Why David Cameron is wrong about radicalisation and multiculturalism

Under the pernicious influence of Michael Gove and other neoconservatives, the Prime Minister is sin

Michael Gove has won. Late last month, writing in the Spectator, the Telegraph's chief political commentator, Peter Oborne, drew our attention to the "neconservative" faction inside the Conservative-led government:

This section of the coalition also takes a hard line on domestic security arrangements, supporting control orders and the divisive Prevent strategy for confronting its special interpretation of the Islamic terror threat. Its key cabinet supporters include George Osborne, Liam Fox, Oliver Letwin, Michael Gove (whose book Celsius 7/7 sought to define the domestic war on terror with astonishing success) and, crucially, the Home Secretary, Theresa May. Baroness Neville-Jones, the one-time Whitehall spook who sits on the fancily named Security Council, is another well-placed though bone-headed supporter.
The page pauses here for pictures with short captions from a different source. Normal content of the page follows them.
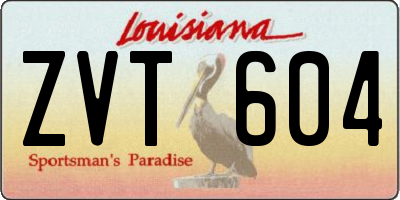 LA license plate ZVT604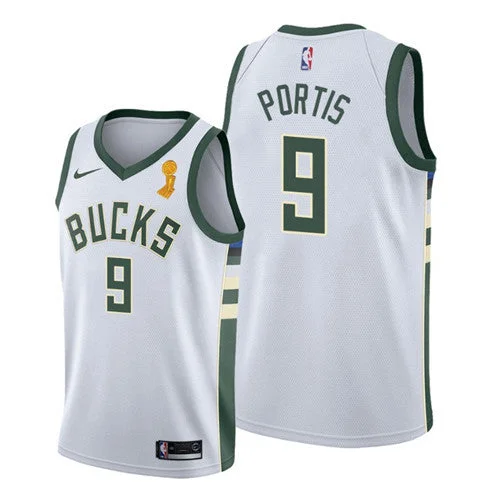 Basketball Jersey Country Flag-Men's Milwaukee Bucks #9 Bobby Portis 2021 White Finals Champions Stitched Basketball Basketball Jersey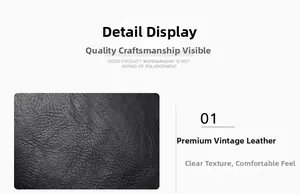 Close-up of the black vintage PU leather texture on the men's business backpack
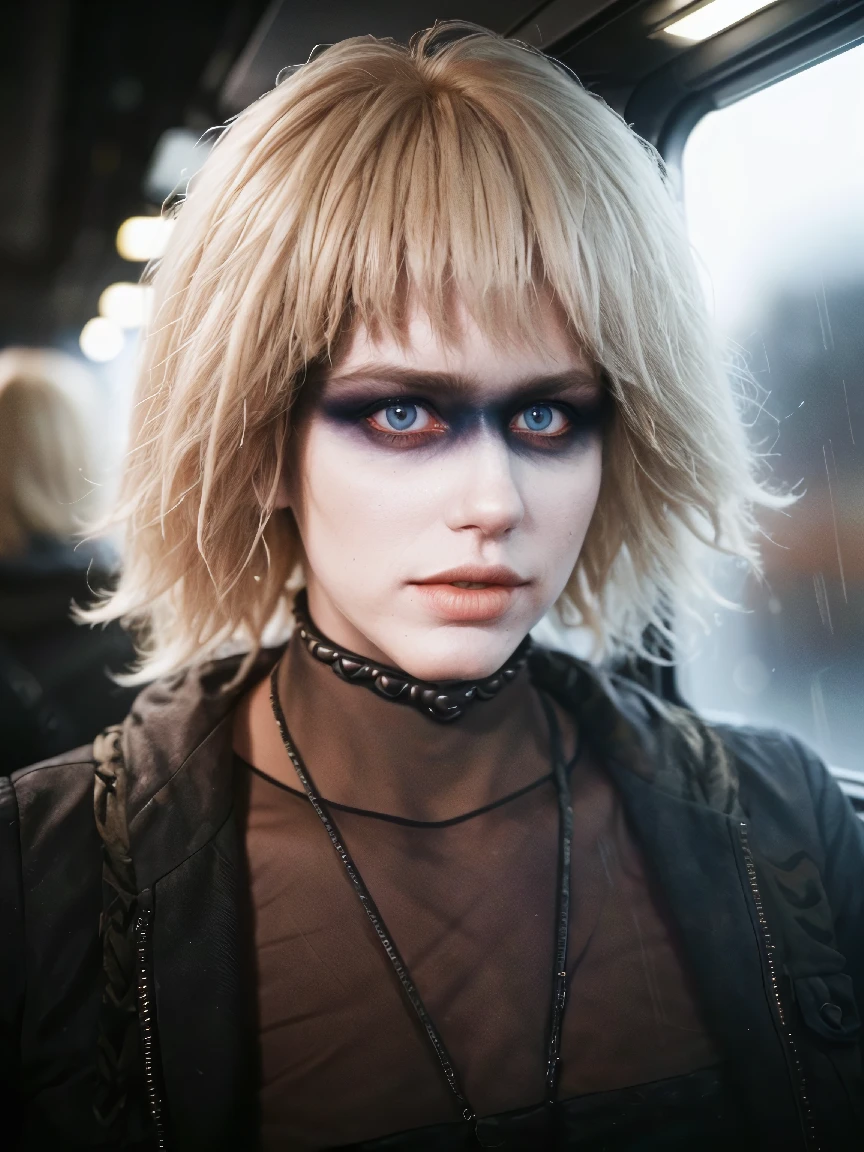 pr1s,blonde hair,eye make-up,sitting on a train,cyberpunk setting,sci-fi,raining,cloudy,volumetric fog, (masterpiece:1.0), (best quality:1.0), (intricate details), flash photography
Oborne singled out Nick Clegg, the Conservative Party chairman, Sayeeda Warsi, and the Attorney General, Dominic Grieve, as members of a smaller, rival faction of "One-Nation Tories and ineffectual Liberal Democrats". I would add Ken Clarke to this list.

But where does David Cameron, the Prime Minister, fit into all this? There have been reports over the years that the Tory leader has been torn between the neocons and the One-Nation types. In a much-discussed speech in September 2008, Cameron described himself as a "liberal Conservative, not a neoconservative". And a year and a half earlier, writing in the Observer of 13 May 2007 (in a piece entitled "What I learned from my stay with a Muslim family"), the then leader of the opposition rejected the Gove-esque obsession with "Islamism" and warned against the dangers of reckless rhetoric:

We must also be careful about the language we use . . . Our efforts are not helped by lazy use of language. Indeed, by using the word "Islamist" to describe the threat, we actually help do the terrorist ideologues' work for them.

But this morning's speech to the Munich Security Conference suggests that Gove has won the battle for the Prime Minister's heart and mind. In the middle of a speech that addressed segregation, radicalisation and "the doctrine of state multiculturalism", Cameron declared:

We need to be absolutely clear on where the origins of these terrorist attacks lie – and that is the existence of an ideology, "Islamist extremism".

He went on to argue:

Frankly, we need a lot less of the passive tolerance of recent years and much more active, muscular liberalism.

Strong stuff. To be honest, the content of Cameron's speech should have come as no surprise to us, as it has been trailed for weeks. And in recent days, I'm told, the Prime Minister has had meetings with Maajid Nawaz, the director of the "counter-extremism think tank" the Quilliam Foundation, which takes a hard line on engaging with so-called Islamists. (On a side note, Nawaz has a piece in this week's New Statesman on the revolt in Egypt and his own experiences as a prisoner in Hosni Mubarak's jails.)

Here are some of my thoughts on the speech, in no particular order:

1) How is this new, original or different? As I said, much of the Cameron speech fits in with a pre-existing, long-standing Gove/Quilliam/neoconservative agenda. And how is the "muscular liberalism" approach any different from the Tony Blair/John Reid/Charles Clarke/Hazel Blears approach? Cameron, for example, condemns those "soft-left" groups that "lump all Muslims together, compiling a list of grievances and arguing if only governments addressed them, this terrorism would stop". But so, too, did Blair. The former PM was as keen to hector Muslim groups about "integration" and "British values" as the current PM.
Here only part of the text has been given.